The next addition to the “strange steroids” series focuses on a couple of steroids possessing anabolic and/or androgenic activity despite the lack of a 17b-hydroxyl function.

17b-hydroxyl group in testosterone (circled).

Testosterone, with the 17b-hydroxyl group circled.

The 17b-hydroxyl group is the most fundamental commonality between steroids that attach to and activate the androgen receptor, with all commercialised anabolic steroids either containing, or being metabolized to, a steroid that contains a 17b-OH.

“Without any doubt, the attachment of the steroid to the receptor at the 17-hydroxyl group is one of the most important attachments. The presence of oxygen in the form of a 17b-hydroxyl group is more important than the presence of oxygen at carbon-3 and for practical purposes all useful anabolic agents and highly active androgens possess the 17b-hydroxyl group.” [1]

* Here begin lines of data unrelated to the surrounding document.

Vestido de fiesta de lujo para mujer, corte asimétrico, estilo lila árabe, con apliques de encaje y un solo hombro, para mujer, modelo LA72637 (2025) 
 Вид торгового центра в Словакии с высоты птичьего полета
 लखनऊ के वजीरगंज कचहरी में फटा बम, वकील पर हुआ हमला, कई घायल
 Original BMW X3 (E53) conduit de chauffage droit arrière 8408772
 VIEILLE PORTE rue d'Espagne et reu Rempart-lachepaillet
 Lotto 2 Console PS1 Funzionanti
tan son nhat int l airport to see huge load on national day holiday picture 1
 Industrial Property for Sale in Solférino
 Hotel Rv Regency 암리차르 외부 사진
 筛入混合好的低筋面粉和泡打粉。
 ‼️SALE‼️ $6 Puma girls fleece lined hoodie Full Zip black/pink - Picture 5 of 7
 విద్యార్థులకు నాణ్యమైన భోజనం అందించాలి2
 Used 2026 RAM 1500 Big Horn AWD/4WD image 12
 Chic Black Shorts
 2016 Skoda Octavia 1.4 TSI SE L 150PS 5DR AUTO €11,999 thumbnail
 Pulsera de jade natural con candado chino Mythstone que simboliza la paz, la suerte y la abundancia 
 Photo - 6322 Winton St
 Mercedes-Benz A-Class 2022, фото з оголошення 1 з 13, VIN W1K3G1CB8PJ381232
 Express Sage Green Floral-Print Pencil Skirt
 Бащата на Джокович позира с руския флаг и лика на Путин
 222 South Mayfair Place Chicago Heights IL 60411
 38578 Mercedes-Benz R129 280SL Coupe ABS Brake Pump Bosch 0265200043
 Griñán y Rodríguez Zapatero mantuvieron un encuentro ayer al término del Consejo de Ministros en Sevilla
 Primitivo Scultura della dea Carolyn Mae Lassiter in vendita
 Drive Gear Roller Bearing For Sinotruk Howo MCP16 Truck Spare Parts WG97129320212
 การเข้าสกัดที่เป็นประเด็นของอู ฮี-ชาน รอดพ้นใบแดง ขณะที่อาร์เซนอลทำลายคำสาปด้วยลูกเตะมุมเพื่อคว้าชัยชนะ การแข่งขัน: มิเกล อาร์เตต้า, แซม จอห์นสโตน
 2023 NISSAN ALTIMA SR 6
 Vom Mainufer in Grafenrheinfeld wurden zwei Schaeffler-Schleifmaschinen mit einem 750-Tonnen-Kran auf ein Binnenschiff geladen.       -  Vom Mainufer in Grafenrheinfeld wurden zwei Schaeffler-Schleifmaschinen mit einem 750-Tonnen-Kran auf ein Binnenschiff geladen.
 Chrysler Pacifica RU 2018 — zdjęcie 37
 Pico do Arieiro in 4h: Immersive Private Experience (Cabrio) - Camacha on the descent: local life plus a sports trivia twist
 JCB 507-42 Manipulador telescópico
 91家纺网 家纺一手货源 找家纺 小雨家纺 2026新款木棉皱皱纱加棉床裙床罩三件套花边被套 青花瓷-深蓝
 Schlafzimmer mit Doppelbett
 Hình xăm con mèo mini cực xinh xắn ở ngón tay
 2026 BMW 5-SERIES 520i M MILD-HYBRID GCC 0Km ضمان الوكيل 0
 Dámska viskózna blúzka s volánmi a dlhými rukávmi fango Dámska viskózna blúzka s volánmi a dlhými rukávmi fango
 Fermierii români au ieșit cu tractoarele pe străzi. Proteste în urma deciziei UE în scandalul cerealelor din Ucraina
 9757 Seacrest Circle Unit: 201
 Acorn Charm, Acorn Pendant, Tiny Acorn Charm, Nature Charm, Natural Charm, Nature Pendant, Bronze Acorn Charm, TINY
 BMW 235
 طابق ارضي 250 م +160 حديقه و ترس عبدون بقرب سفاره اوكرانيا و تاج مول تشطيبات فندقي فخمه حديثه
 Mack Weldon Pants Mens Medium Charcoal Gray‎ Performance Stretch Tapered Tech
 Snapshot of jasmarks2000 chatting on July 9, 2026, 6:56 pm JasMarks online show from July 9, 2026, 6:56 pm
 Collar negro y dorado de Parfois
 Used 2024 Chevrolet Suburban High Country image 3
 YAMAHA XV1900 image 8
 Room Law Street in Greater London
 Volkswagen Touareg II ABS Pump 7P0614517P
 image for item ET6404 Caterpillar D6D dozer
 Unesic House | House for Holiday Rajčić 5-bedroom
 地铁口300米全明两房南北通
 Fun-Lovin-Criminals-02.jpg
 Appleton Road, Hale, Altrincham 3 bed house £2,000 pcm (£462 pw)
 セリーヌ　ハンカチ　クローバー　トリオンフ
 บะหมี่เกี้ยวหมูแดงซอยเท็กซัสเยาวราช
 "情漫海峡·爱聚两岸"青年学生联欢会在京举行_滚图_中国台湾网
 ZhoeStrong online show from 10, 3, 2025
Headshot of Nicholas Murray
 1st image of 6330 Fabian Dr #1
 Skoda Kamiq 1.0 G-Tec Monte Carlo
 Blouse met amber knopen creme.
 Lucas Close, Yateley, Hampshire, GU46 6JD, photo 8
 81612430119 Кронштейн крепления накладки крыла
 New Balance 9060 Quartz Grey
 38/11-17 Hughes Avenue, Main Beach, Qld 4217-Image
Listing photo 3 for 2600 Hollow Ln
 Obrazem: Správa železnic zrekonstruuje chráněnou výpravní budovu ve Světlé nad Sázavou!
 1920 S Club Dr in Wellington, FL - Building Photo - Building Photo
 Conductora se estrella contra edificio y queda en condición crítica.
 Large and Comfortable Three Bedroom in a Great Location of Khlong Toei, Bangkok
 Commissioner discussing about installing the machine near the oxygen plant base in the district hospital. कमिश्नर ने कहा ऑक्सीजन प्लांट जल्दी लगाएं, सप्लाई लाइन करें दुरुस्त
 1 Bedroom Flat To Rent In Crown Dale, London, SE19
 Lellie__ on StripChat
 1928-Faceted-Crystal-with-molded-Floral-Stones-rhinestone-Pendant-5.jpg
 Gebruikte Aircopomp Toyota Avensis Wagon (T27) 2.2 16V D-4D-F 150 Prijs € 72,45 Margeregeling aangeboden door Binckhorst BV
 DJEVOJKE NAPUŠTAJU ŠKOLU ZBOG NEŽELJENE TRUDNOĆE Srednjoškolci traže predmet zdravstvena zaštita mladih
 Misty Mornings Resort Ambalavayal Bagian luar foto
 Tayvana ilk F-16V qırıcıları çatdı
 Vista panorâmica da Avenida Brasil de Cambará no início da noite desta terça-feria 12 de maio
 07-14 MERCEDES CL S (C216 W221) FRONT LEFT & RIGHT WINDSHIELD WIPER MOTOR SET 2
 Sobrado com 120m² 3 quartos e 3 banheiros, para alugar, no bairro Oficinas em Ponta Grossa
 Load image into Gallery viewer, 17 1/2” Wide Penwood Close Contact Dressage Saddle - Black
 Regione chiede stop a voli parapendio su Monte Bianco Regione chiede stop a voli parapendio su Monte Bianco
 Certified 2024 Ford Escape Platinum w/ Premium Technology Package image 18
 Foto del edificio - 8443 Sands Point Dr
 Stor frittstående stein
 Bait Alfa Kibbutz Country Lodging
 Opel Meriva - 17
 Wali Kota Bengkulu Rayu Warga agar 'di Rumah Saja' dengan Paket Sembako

The key to the significance of this function is hydrogen bonding, an important feature in ligand-receptor interactions. The Asn705 and Thr877 residues of the androgen receptor form hydrogen bonds with the 17β hydroxyl, locking the steroid into the ligand binding pocket of the receptor. [2] Modification or elimination of the 17β hydroxyl typically ablates anabolic and androgenic action, but not in every case.